**Exercise prompt:** Every line holding "Dress" should be copied from the records below.

··· Data for this task

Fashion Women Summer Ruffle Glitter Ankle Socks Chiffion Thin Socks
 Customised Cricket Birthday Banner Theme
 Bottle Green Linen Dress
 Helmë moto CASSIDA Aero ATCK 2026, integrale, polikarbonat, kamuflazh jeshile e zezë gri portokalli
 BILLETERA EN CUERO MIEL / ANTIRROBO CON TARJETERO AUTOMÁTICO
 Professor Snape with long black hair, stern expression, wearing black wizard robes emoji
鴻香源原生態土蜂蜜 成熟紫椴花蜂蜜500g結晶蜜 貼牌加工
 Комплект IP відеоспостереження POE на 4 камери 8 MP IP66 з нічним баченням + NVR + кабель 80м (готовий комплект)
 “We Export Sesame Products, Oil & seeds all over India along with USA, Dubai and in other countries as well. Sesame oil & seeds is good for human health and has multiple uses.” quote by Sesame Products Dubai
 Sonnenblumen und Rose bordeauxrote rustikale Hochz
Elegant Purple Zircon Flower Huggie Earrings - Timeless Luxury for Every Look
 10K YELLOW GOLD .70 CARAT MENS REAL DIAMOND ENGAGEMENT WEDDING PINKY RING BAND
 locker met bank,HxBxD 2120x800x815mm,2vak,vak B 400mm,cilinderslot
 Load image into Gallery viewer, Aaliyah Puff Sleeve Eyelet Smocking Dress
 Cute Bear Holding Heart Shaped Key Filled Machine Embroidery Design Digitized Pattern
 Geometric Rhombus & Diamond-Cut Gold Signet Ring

······

**Reply:**
 Bottle Green Linen Dress
 Load image into Gallery viewer, Aaliyah Puff Sleeve Eyelet Smocking Dress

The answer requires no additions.